Vote counting is under way in Myanmar following Sunday's general election, with Aung San Suu Kyi expected to win comfortably.
Millions voted in the election, just the second since military rule ended in 2011.
Ms Suu Kyi won the last election with a landslide victory and entered into a power-sharing agreement with generals who still hold huge power.
The results of the election are not expected until at least Monday.
Late on Sunday thousands of her supporters gathered outside her party's headquarters waving flags and chanting.
Despite Ms Suu Kyi's popularity, the Nobel Prize winner and global icon has dramatically fallen from grace internationally for her response to the Rohingya crisis.
Hundreds of thousands of Muslim Rohingyas fled an army crackdown in 2017 in what the UN described as ethnic cleansing. The army in Myanmar said it was targeting militants.
Observers have questioned the credibility of the election because of the disenfranchisement of virtually all Rohingya.
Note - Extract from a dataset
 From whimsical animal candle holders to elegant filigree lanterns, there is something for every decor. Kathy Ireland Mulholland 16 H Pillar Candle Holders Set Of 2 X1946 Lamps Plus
Voting was cancelled in large parts of conflict-hit states including Rakhine, Shan and Kachin - home to many ethnic minorities - as officials cited security concerns.
Ms Suu Kyi, 75, cast her ballot last week when the country held advance voting for the elderly in a bid to protect them against the coronavirus.
The main challenger to her National League for Democracy (NLD) party is the military-backed Union Solidarity and Development Party, which along with 23 other opposition parties had called for the vote to be postponed because of a surge in Covid-19 cases.
But in an October broadcast Ms Suu Kyi said the election was "more important than Covid". She has urged people to vote as she tries to defend her party's absolute majority.
Polls opened at 06:00 local time (00:00 GMT) and closed at 16:00 (10:00 GMT), though people still queuing to cast their ballots at that time were allowed to vote.
Why can't the Rohingya vote?
Myanmar's minority Rohingya population was stripped of voting rights ahead of the 2015 general election after the temporary documents many held were invalidated.
More than 740,000 have fled to neighbouring Bangladesh since the 2017 army crackdown, but several hundred thousand still live in western Rakhine state.
In September the UN human rights investigator to Myanmar said the election would fail to be free and fair because of the disenfranchisement of the mostly Muslim minority.
The Rohingya, who trace back their ancestry in Rakhine for centuries, are described as one of the world's most persecuted minorities.
But the government of Buddhist-majority Myanmar does not recognise the word Rohingya, denies the minority citizenship and derides them as "illegal immigrants" from Bangladesh.
In January the UN's top court ordered the country to take measures to protect the Rohingya from genocide.
Ms Suu Kyi has rejected the genocide accusations while saying that war crimes may have been committed.
Earlier this year six of at least a dozen Rohingya who applied to run as candidates in the election were barred from standing.